Data for the task Start Marker

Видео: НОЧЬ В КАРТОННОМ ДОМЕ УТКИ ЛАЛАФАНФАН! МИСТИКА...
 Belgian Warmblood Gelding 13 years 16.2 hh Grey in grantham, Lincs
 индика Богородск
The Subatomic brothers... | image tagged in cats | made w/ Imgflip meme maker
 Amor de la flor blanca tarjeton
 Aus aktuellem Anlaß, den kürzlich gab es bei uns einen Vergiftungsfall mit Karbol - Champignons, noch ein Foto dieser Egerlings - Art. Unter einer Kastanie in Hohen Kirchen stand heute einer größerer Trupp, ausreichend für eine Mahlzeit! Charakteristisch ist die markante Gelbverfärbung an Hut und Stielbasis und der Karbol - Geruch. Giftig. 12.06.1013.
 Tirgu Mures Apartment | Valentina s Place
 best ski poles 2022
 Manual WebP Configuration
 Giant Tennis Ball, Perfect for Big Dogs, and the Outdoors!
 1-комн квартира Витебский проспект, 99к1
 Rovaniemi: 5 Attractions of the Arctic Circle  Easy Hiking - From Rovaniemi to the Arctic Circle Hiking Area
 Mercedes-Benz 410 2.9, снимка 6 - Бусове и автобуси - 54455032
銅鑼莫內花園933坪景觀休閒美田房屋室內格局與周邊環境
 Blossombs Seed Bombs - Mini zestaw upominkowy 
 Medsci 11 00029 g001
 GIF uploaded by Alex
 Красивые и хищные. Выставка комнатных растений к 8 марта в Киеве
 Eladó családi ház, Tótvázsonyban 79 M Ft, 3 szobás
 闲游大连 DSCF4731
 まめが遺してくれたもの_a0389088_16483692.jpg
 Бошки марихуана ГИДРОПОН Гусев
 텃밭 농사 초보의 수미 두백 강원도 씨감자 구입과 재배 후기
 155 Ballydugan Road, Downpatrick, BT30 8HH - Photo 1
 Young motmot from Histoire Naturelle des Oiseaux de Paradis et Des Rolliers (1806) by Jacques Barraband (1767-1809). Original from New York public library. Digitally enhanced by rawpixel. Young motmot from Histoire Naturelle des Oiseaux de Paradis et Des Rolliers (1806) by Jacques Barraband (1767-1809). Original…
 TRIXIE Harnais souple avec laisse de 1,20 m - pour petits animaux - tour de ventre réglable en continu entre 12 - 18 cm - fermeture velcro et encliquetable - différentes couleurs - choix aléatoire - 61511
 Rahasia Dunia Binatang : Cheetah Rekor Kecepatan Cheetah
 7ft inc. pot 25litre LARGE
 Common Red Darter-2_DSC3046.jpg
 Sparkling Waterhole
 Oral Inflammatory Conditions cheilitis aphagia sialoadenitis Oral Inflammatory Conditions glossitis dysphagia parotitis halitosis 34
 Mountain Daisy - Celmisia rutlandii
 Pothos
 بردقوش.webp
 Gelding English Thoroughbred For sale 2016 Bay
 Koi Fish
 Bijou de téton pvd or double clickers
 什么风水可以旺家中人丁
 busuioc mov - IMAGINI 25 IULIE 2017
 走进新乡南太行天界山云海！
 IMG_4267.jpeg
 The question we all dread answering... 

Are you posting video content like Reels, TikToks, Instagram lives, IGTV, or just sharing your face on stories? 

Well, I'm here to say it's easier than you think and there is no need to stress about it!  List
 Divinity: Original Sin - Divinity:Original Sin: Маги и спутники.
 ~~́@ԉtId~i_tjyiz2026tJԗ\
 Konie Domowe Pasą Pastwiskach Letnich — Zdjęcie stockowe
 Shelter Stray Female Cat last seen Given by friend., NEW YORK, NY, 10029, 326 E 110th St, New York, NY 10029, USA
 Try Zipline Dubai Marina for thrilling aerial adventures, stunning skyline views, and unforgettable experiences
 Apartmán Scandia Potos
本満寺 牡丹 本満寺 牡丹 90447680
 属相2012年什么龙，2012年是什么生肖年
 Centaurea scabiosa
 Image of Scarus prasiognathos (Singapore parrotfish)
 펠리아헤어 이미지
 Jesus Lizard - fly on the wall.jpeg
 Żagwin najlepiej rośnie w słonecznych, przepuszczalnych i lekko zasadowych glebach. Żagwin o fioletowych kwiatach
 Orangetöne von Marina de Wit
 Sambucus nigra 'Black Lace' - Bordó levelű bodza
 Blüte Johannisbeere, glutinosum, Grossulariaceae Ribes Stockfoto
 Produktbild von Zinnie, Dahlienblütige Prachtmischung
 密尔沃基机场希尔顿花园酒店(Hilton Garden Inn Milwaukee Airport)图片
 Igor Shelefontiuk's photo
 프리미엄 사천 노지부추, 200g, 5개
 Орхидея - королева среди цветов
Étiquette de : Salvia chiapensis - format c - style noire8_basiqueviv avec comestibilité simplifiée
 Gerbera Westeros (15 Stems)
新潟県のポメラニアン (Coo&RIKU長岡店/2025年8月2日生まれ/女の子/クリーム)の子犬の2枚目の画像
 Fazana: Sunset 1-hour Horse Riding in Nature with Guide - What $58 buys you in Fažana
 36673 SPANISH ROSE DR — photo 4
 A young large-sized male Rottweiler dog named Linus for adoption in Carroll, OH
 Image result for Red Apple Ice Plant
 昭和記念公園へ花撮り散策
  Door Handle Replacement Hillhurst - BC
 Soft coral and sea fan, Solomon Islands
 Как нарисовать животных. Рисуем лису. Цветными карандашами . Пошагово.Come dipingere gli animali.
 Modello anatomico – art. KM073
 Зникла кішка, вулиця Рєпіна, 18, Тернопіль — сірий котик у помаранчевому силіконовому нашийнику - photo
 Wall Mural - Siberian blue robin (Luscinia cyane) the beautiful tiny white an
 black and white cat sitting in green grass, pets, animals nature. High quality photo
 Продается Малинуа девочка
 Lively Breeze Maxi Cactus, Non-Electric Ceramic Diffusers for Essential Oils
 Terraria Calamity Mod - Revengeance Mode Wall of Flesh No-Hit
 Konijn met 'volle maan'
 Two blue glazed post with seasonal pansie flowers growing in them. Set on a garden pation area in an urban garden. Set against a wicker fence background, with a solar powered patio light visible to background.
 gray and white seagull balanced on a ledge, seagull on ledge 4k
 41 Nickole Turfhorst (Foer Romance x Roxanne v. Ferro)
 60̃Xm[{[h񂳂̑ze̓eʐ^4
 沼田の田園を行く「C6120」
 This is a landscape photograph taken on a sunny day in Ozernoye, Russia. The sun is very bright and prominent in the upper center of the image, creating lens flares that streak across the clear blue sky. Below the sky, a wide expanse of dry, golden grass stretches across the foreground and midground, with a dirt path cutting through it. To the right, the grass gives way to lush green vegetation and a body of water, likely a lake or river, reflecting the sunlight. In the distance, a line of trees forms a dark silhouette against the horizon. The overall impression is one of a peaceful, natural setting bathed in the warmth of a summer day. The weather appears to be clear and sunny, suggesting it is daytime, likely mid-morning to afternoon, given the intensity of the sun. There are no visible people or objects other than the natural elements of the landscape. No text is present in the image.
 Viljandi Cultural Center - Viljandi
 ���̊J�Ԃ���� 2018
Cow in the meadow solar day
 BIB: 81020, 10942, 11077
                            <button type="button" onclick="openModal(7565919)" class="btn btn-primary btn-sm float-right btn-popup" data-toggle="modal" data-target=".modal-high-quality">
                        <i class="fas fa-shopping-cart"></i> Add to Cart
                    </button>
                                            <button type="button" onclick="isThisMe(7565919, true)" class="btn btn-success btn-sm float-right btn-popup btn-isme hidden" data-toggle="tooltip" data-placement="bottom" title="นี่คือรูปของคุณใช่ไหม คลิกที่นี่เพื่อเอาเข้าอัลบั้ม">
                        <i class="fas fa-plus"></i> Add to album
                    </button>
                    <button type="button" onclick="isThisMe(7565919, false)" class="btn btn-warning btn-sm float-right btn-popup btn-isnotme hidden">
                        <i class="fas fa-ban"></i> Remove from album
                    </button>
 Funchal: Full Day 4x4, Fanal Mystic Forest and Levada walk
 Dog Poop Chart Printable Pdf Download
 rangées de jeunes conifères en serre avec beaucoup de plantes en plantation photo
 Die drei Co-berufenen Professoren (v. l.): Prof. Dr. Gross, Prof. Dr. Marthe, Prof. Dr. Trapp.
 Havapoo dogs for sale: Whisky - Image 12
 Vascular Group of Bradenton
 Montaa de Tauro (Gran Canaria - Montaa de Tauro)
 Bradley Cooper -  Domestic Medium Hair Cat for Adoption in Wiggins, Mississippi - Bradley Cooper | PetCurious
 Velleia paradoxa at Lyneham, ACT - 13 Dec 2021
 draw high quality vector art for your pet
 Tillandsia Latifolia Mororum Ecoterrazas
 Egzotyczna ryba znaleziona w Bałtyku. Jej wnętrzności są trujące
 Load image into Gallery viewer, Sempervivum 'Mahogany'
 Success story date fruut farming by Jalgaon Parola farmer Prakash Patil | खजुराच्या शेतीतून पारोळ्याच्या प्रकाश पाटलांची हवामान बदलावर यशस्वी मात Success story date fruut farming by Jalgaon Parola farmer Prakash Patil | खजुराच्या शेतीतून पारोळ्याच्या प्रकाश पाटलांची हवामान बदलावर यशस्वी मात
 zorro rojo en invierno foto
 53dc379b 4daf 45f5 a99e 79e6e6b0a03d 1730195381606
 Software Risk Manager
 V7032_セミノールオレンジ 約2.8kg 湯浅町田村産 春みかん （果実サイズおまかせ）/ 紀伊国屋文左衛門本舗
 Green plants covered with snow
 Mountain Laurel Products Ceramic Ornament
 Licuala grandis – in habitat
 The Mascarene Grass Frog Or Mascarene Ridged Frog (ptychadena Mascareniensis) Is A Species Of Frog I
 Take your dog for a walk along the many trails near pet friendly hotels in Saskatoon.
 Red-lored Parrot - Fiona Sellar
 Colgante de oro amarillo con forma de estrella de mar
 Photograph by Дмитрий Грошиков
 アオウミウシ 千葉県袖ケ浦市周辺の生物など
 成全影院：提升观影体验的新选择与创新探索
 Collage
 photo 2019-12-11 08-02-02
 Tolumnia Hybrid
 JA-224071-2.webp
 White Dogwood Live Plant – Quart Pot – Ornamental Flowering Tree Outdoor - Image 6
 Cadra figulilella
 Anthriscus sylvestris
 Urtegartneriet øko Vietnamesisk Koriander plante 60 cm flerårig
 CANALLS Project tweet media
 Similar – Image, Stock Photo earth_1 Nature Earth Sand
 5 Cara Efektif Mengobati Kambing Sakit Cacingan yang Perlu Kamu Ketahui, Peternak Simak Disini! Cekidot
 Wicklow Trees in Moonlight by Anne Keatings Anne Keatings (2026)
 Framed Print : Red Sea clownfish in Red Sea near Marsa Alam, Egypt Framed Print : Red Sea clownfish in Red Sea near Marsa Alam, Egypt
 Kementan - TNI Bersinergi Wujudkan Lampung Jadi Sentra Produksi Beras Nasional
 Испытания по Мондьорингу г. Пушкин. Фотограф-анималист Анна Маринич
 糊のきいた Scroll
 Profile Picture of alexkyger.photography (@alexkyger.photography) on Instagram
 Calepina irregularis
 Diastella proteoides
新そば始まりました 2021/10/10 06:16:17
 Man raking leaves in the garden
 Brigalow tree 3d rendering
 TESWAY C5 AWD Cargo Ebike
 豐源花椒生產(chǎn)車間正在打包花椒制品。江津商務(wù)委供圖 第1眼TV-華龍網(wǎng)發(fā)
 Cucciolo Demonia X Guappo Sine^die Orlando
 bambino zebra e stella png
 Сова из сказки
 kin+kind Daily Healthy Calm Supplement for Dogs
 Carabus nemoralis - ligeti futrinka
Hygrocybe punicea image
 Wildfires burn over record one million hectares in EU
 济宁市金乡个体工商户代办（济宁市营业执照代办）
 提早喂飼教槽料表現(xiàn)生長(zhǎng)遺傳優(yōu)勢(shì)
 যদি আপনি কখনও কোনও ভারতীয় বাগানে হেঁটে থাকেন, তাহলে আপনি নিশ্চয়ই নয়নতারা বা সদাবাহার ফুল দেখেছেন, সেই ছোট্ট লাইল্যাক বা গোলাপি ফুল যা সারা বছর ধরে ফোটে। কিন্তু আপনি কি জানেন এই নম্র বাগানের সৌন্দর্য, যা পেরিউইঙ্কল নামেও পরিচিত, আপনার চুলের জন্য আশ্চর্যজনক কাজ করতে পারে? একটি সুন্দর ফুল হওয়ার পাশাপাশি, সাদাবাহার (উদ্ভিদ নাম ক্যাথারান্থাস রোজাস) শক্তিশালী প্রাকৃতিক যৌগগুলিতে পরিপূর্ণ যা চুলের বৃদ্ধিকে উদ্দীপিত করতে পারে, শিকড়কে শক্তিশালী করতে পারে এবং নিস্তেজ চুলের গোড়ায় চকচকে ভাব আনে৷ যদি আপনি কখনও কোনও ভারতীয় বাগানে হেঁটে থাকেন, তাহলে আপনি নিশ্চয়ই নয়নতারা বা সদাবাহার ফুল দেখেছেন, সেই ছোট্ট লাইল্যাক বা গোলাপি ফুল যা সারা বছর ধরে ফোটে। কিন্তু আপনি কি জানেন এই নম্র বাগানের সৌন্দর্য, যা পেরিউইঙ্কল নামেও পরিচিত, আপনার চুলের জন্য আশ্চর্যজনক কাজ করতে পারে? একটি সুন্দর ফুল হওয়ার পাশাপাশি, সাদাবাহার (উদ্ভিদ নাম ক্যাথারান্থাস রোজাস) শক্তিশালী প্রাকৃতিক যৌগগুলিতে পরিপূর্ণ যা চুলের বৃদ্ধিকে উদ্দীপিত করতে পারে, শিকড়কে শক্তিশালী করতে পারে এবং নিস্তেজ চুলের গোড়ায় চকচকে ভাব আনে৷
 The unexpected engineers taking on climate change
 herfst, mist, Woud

Data for the task End Marker

> **What the exercise asks**
Going from the line that contains "The unexpected engineers" to the last line of the records, reproduce every line as written.

> **Answer to this exercise**
 The unexpected engineers taking on climate change
 herfst, mist, Woud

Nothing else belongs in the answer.